Logic and Proof
One way to modify a statement is to negate it. This just means to say the statement isn't true (which, in case you were wondering, isn't the same as having an argument). For example, the negation of, "Bacon is delicious," would be, "It is not true that bacon is delicious," or more simply, "Bacon is not delicious." That's a silly example to use though, because everyone knows bacon is delicious.
Mathematical negation differs a bit from our negation in everyday English. For example, if you say to your friend in a heated argument, "I don't think Edward can even compare to that dreamy Jacob," you really mean, "I think Edward is ugly and Jacob is a were-hottie."
However, when a mathematician says, "I don't think Edward can even compare to that dreamy Jacob," she is actually saying that the two cannot be compared. Who knows what she actually thinks?

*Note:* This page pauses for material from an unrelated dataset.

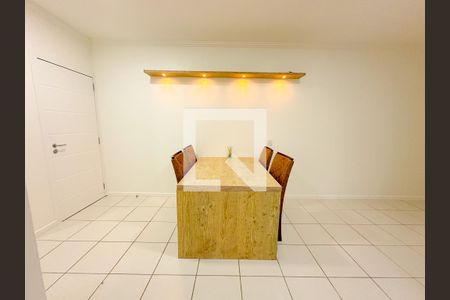 Sala de Jantar de apartamento para alugar com 2 quartos, 75m² em Canasvieiras, Florianópolis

She may think they are both ugly, or that neither is actually hot, but that each is attractive in their own unique way. (Actually, she is probably busy working on some groundbreaking theorem while everybody around her is pestering her with vampire gossip.)
The bottom line is that negations don't allow us to conclude very much.
Even the simple act of negation can get really complicated really quickly. Consider the statement, "This statement is not true." Is it true, or isn't it? If it's true, then we can trust what it says. But… that means that it's false. Similarly, when it's false, that means it's true. There's no way to make any sense of this madness! What ever will we do?
While this seems like a fluke, it has pestered both linguists and logicians for centuries. Modern mathematicians have developed a formal way of avoiding such conundrums by putting up restrictions on the kind of statements they can make (another victory for censorship). We should probably do the same, since statements like that just cause headaches.